[OpenSIPS-Users] UTF8 in MySQL database
Jacek Konieczny
jajcus at jajcus.net
Wed Mar 25 09:03:35 CET 2009
On Wed, Mar 25, 2009 at 08:15:51AM +0200, Dan Pascu wrote:
> On Tuesday 24 March 2009, Jacek Konieczny wrote:
> > As I was just doing upgrade from OpenSIPs 1.4.4 to 1.5.0 I took a look
> > at the database and found out it was latin1-encode. I didn't like it
> > much (if any non ASCII characters are supposed to be allowed in the
> > database then why should it be limited to only a few languages in the
> > world?).
>
> Latin-1 is 8 bit transparent. So you can throw at it whatever you like and
> it will get you back exactly what you put in, without having to worry
> what the input encoding is.
... as long as every application connected to this database is
enconding-ignorant and would treat 'latin1' as just a binary string. And
that is not a sane way to do things. The problems will start as soon as
someone will try to process this data as 'latin1' (according to the
declaration on the database), when it is not latin1.
> UTF-8 requires you that your input in already formatted UTF-8.
But then you know what you have in the database.
> > What is the reason for rejecting UTF8? No other setting seems to make
> > much sense in an international environment.
>
> I disagree. Many other settings make sense in an international environment
> and latin-1 is the most transparent of them.
Then why don't we drop all primary keys, foreign keys and other
constraints from the database? Then it would be even more transparent --
we could put anything there. Putting non-latin1 strings in a "latin1"
table is like putting non-unique values in an UNIQUE column. Even if the
RDBMS in use would not care, it won't seem right.

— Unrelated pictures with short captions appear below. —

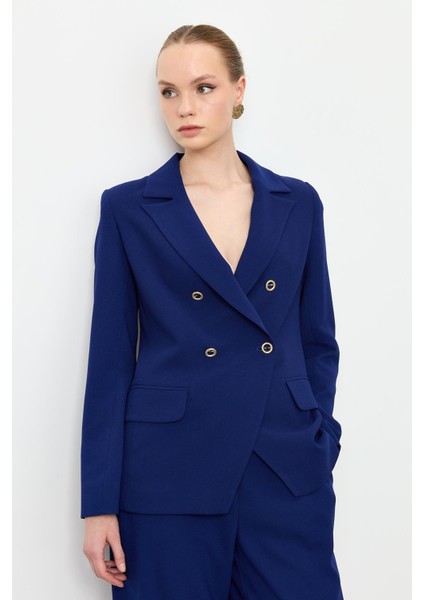 Asimetrik Kesim Krep Ceket-Lacı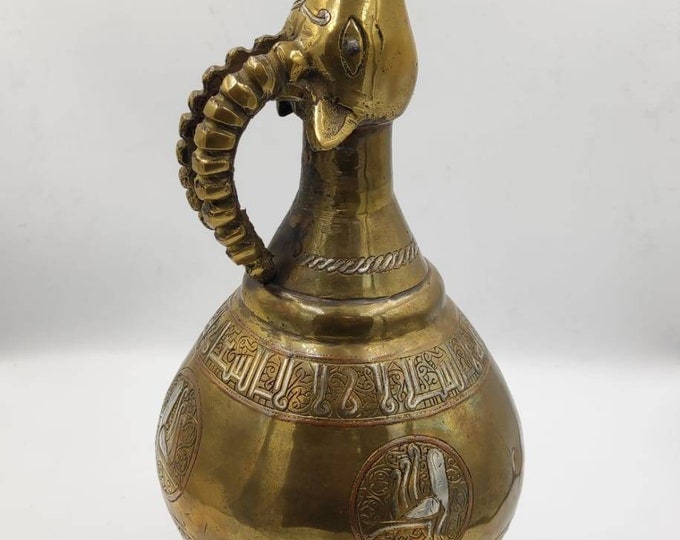 Antique Egyptian  Bronze Carved With Silver Unique Calligraphy Deer Head Jug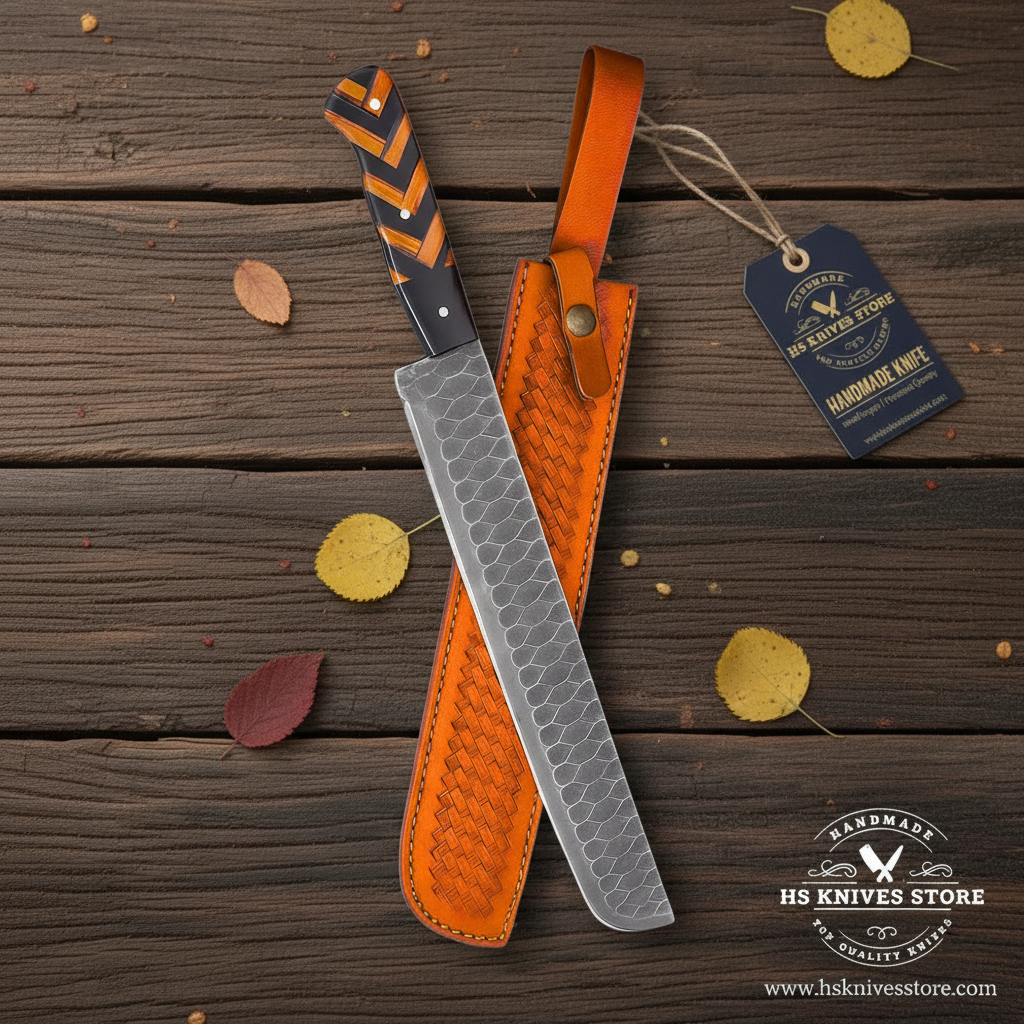 Long Damascus BBQ slicer with tan leather sheath and HS Knives Store hang tag on rustic wood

But, back to my original question, as can understand that 'latin1' is ok
for some or even most people. My my question was: is there any specific,
technical reason, that 'utf8' is forbidden? I don't think OpenSIPs does
any SQL queries when multibyte strings would be a problem (like asking
for 3 characters only and expecting 3 bytes in the result). I don't know
MySQL well (just forced to use it because of CDRTool limitations), but I
don't think it would cause any serious problems with that, either.